■ **PROBLEM REQUIREMENTS**
Leave every picture out. Set down all the lines below exactly.

--- THE DATA Enclosed Below ---

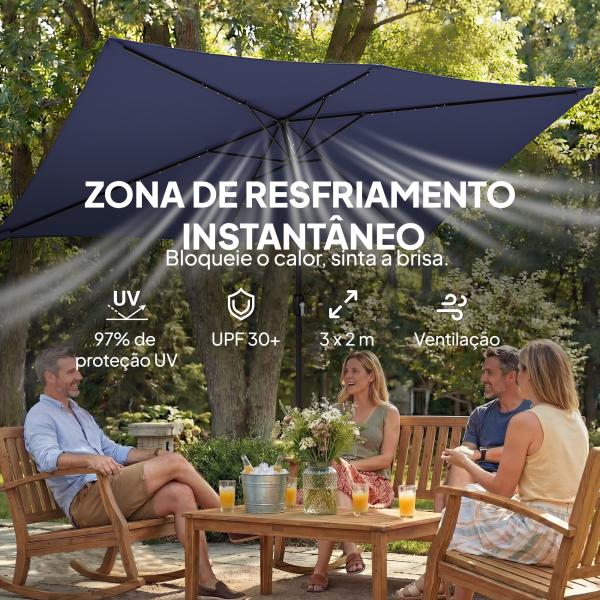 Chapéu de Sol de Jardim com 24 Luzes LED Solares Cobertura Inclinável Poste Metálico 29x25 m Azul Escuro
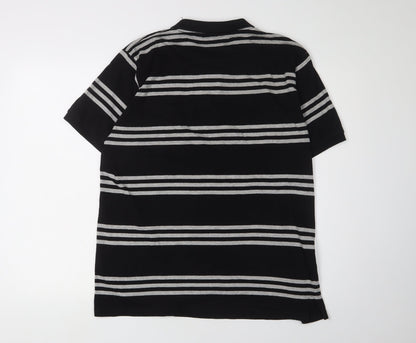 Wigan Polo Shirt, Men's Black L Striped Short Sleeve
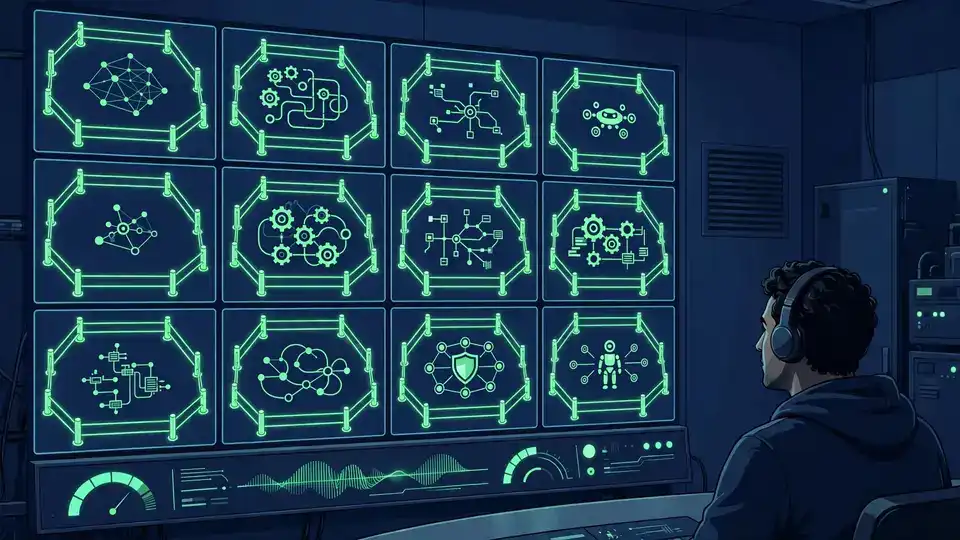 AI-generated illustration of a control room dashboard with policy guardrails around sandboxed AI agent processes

--- End of Enclosed THE DATA ---

■ **SOLVED PROBLEM**
 Chapéu de Sol de Jardim com 24 Luzes LED Solares Cobertura Inclinável Poste Metálico 29x25 m Azul Escuro
 Wigan Polo Shirt, Men's Black L Striped Short Sleeve
 AI-generated illustration of a control room dashboard with policy guardrails around sandboxed AI agent processes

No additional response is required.